À l’inverse, sur un petit crédit de courte durée ou sur un profil avec un taux d’assurance très bas, l’écart de coût total entre les deux méthodes peut être plus limité. D’où l’intérêt d’utiliser un calculateur fiable : vous partez de vos propres chiffres, et non d’une moyenne générique.

Sources officielles et pédagogiques utiles

Pour approfondir le fonctionnement des crédits amortissables, du coût total du crédit et des obligations d’information, vous pouvez consulter des ressources institutionnelles et académiques :

Conclusion

Le calcul assurance dégressive est incontournable pour toute personne qui souhaite piloter intelligemment le coût de son financement. En calculant la prime sur le capital restant dû, cette méthode reflète mieux la réalité du risque couvert et peut générer des économies sensibles sur la durée totale du prêt. Le bon réflexe consiste à ne jamais comparer uniquement des taux faciaux. Il faut aussi regarder la base de calcul, la quotité, les garanties, les exclusions et le coût cumulé sur tout l’échéancier.

Le simulateur proposé sur cette page vous donne une estimation claire et exploitable.
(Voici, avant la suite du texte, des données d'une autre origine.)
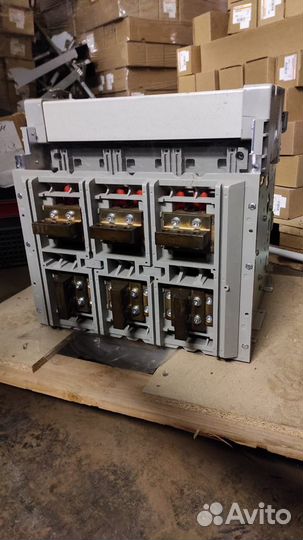 Автоматический выключатель шнайдер Мастерпак 2500А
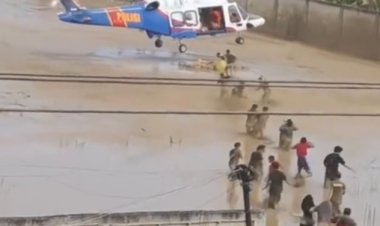 Meski Dengan Risiko Pendaratan, Helikopter Poludara Baharkam Polri Berhasil Dropping Logistik Bantuan ke Aceh Tamiang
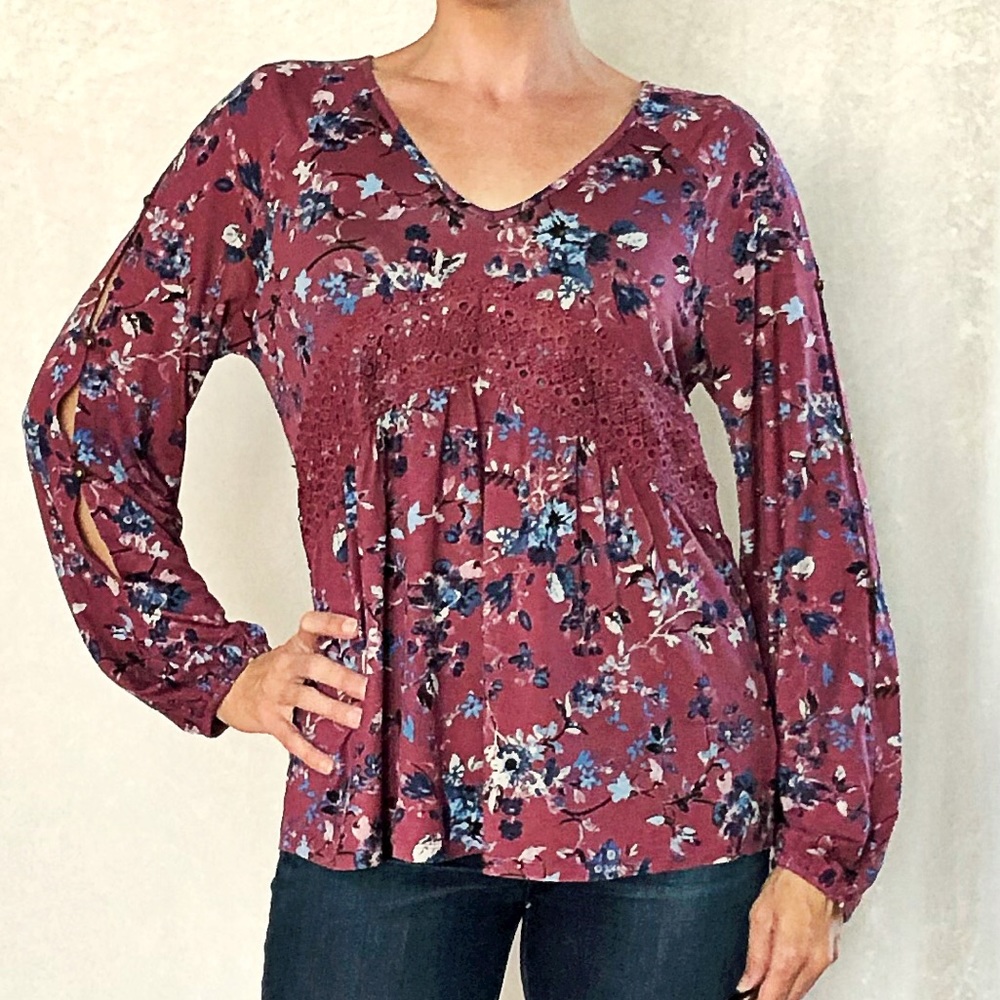 NWT. Peasant blouse with arm cut-outs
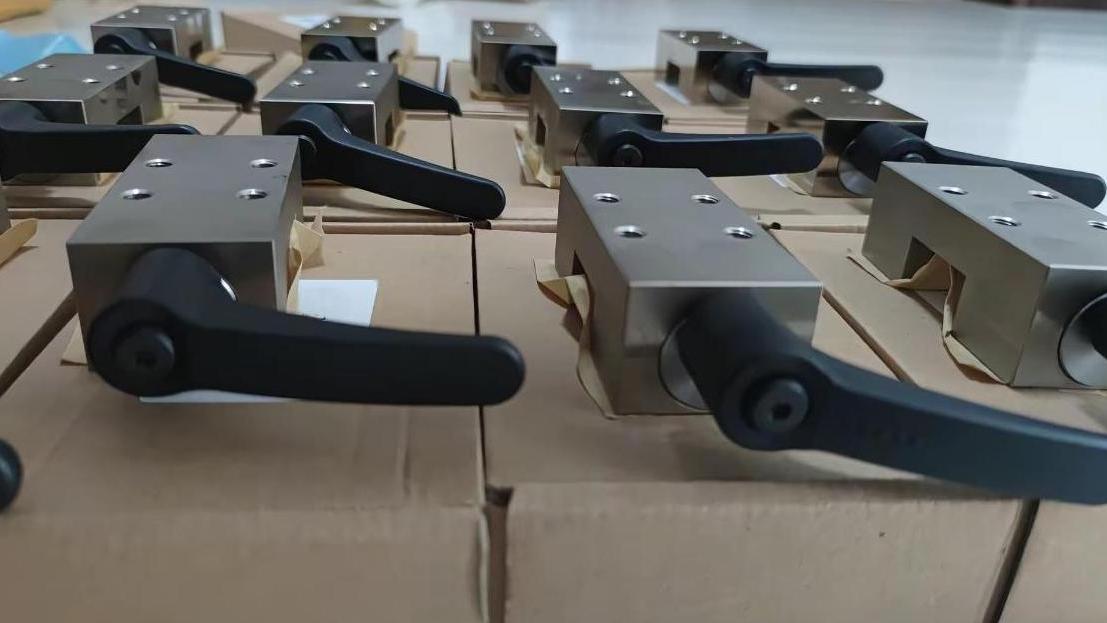 Manual Linear Guide Clamp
Utilisez-le pour comparer plusieurs scénarios, tester différentes durées, ajuster la quotité ou apprécier l’effet d’un changement de taux d’assurance. Pour une décision finale, confrontez toujours ces résultats à une offre contractuelle détaillée et, si besoin, à l’avis d’un courtier ou d’un conseiller spécialisé.

Cette calculatrice fournit une estimation pédagogique du coût d’une assurance emprunteur dégressive sur la base d’un prêt amortissable à taux fixe. Elle ne remplace ni une offre de prêt, ni une proposition d’assurance, ni une étude personnalisée des garanties et exclusions contractuelles.